We train on various splits of the reformulated datasets to investigate their effects on performance, and assess the calibration of the reformulated dataset.

## Setup

#### For Google Colab only:

Set path to root folder after change directory command.

In [None]:
# # mount google drive
# from google.colab import drive
# drive.mount('/content/drive')

# # change to directory containing relevant files
# %cd 'INSERT DIRECTORY'

In [None]:
#@title Run to check we're in the correct directory

# try:
#     f = open("check_directory.txt")
#     print('Success :)')
# except IOError:
#     print("Wrong directory, please try again")

In [None]:
from pathlib import Path

OUTPUT_DIR = '6_new_models/outputs'

SAVE_FIGS = True # If true, Figures will be saved (overwriting previous versions) as cells are run
FIG_DIR = f"{OUTPUT_DIR}/figure_outputs"

RUN_DIR = f"{OUTPUT_DIR}/run_outputs"

MODEL_DIR = f"{OUTPUT_DIR}/model_outputs"

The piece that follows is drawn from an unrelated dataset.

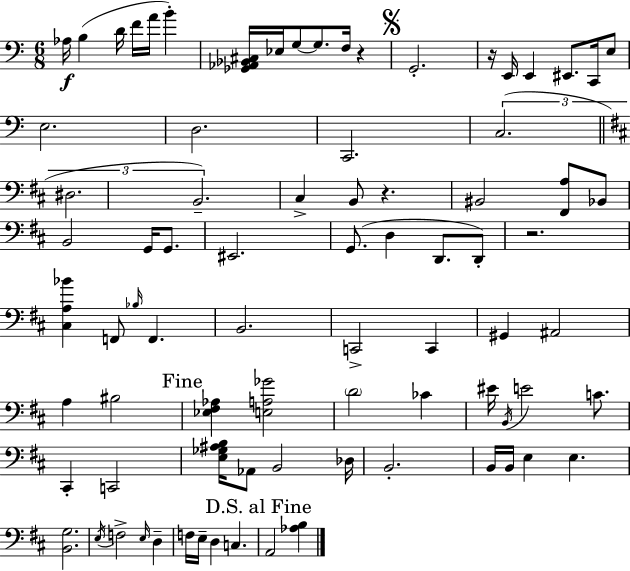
Ab3/s B3/q D4/s F4/s A4/s B4/q [Gb2,Ab2,Bb2,C#3]/s Eb3/s G3/e G3/e. F3/s R/q G2/h. R/s E2/s E2/q EIS2/e. C2/s E3/e E3/h. D3/h. C2/h. C3/h. D#3/h. B2/h. C#3/q B2/e R/q. BIS2/h [F#2,A3]/e Bb2/e B2/h G2/s G2/e. EIS2/h. G2/e. D3/q D2/e. D2/e R/h. [C#3,A3,Bb4]/q F2/e Bb3/s F2/q. B2/h. C2/h C2/q G#2/q A#2/h A3/q BIS3/h [Eb3,F#3,Ab3]/q [E3,A3,Gb4]/h D4/h CES4/q EIS4/s B2/s E4/h C4/e. C#2/q C2/h [E3,Gb3,A#3,B3]/s Ab2/e B2/h Db3/s B2/h. B2/s B2/s E3/q E3/q. [B2,G3]/h. E3/s F3/h E3/s D3/q F3/s E3/s D3/q C3/q. A2/h [Ab3,B3]/q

for dir in [OUTPUT_DIR, FIG_DIR, RUN_DIR, MODEL_DIR]:
  Path(dir).mkdir(parents=True, exist_ok=True)

In [None]:
%%capture

# Installs

!git clone https://github.com/hendrycks/ethics.git 

!pip install torch transformers pytorch-transformers # ML
!pip install numpy matplotlib pandas scikit-learn # Data

# Imports

from ethics.utils import get_ids_mask, get_tokenizer, load_model
from itertools import product
import matplotlib.pyplot as plt
import numpy as np
import os
import pandas as pd
from pathlib import Path
from sklearn.model_selection import ParameterGrid
import torch
from torch.utils.data import DataLoader, random_split, TensorDataset
from transformers import AutoConfig, AutoModelForSequenceClassification, AutoTokenizer

In [None]:
# Data loading functions

def load_util_sentences(data_dir, name="train"):
    path = os.path.join(data_dir, "{}.csv".format(name))
    df = pd.read_csv(path, header=None)
    sentences = []
    for i in range(df.shape[0]):
        sentences.append(df.iloc[i, 0])
        sentences.append(df.iloc[i, 1])
    labels = [-1 for _ in range(len(sentences))]
    return sentences, labels

def load_process_data(args, data_dir, dataset, name="train"):
    load_fn = {"util": load_util_sentences}[dataset]
    sentences, labels = load_fn(data_dir, name=name)
    sentences = ["[CLS] " + s for s in sentences]
    tokenizer = get_tokenizer(args.model)
    ids, amasks = get_ids_mask(sentences, tokenizer, args.max_length)
    within_bounds = [ids[i, -1] == 0 for i in range(len(ids))]
    if np.mean(within_bounds) < 1:
        print("{} fraction of examples within context window ({} tokens): {:.3f}".format(name, args.max_length, np.mean(within_bounds)))
    inputs, labels, masks = torch.tensor(ids), torch.tensor(labels), torch.tensor(amasks)

    if "util" in dataset:
        even_mask = [i for i in range(inputs.shape[0]) if i % 2 == 0]
        odd_mask = [i for i in range(inputs.shape[0]) if i % 2 == 1]
        even_inputs, odd_inputs = inputs[even_mask], inputs[odd_mask]
        even_labels, odd_labels = labels[even_mask], labels[odd_mask]
        even_masks, odd_masks = masks[even_mask], masks[odd_mask]
        inputs = torch.stack([even_inputs, odd_inputs], axis=1)
        labels = torch.stack([even_labels, odd_labels], axis=1)
        masks = torch.stack([even_masks, odd_masks], axis=1)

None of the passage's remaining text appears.